Has Berkshire Hathaway Become a Closet Index Fund?

By J.C. Parets

J.C. Parets is the founder and president of New York based hedge fund Eagle Bay Capital, LLC. You can find his smart commentary at AllStarCharts.com.

Why would you even bother owning Berkshire Hathaway?

As brilliant as Warren Buffett is, at this point he’s looking more and more like a closet indexer. I was surprised when I ran the numbers and could not believe how correlated Berkshire is with the broader market.

It started with a simple phone call from a friend of mine, we’ll call him “Uncle Pat”. He was asking me for some advice on how to approach a client of his who won’t send him any more assets because he’s doing well on his own – apparently he has his entire portfolio in Berkshire Hathaway.

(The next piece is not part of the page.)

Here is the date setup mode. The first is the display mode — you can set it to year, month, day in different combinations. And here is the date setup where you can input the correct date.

Uncle Pat is a financial advisor and just looking to grow his business like anyone else. I left that industry to launch my own hedge fund, but I still remember dealing with this sort of nonsense.

I told Uncle Pat that I’d run the numbers for him because I was pretty sure the only reason his client was doing so well was because Berkshire is probably pretty closely tied to the ups and downs in the US Stock Market. Boy was that an understatement. As it turns out, the Berkshire Hathaway A-shares have a +0.98 correlation with the S&P500 over the past year. It has a +0.95 correlation over the past month. Just to put things in perspective, Berkshire has a higher short-term correlation to the S&P500 than the Dow Jones Industrial Average has to the S&P500. You can’t even make that up.

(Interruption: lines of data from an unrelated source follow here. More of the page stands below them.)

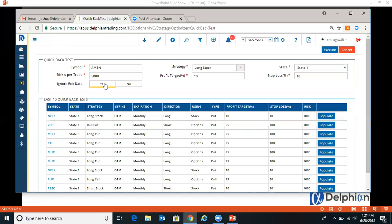And then you can do ignore exit dates. So basically it says you want to get out whenever it transitions out of state one into state two, typically. If you want that to stay, then you hit no.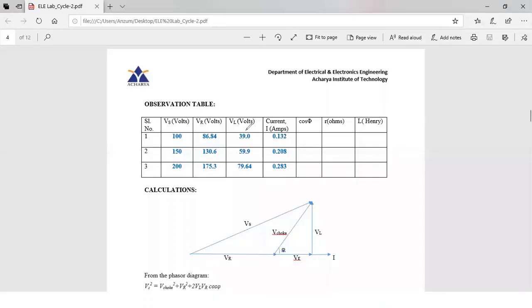The observation table has been plotted for different readings of the supply voltage — 100 volts, 150 volts, and 200 volts — and the corresponding Vr and Vl voltages have been recorded along with the current readings. Now we need to find out the power factor, resistance, and inductance of the choke coil. Let us see how to do the calculation.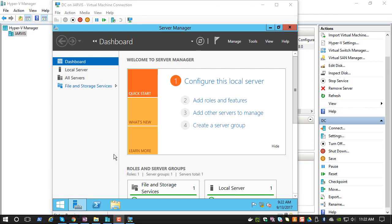There you have it, you have a fully installed Windows 2012 Server. In the later videos we will be promoting this server to a domain controller. In the next video we will see how to install Windows 10. Thank you.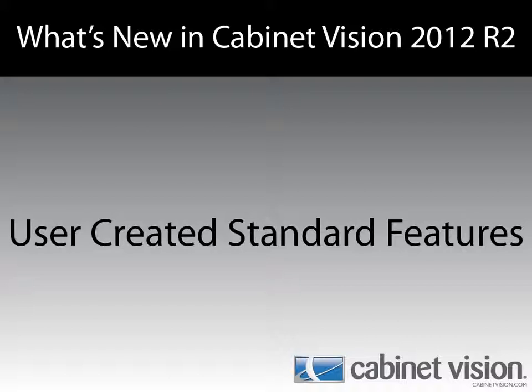Welcome to another episode of what's new in Cabinet Vision 2012 R2. In this video we're going to be going over the new user created standard features.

So why on earth would you ever bother “diversifying” your portfolio by adding another extremely correlated stock to the mix. All you’re really doing is adding exposure, volatility, and risk to your portfolio by adding Berkshire to an already highly correlated stock portfolio.

Here is a one year daily chart for the Berkshire B shares (BRK.B):

And here's a six year weekly chart showing that the correlation has been longer lasting:

The bottom line?

Don’t waste your time investing in a closet indexer. If you want diversification, which most of us do, run the math first and make sure you’re not just adding to exposure that you already have. We look to other asset classes for this like bonds and commodities, and if you look hard enough, you’ll find some great stocks with little or no correlation ($AAPL is actually one of those). So if your broker or advisor thinks it’s a good idea to give Warren some of your money, send him the math and tell him how silly that would be.

I was just as shocked as you, trust me. But now we know, and knowing is half the battle.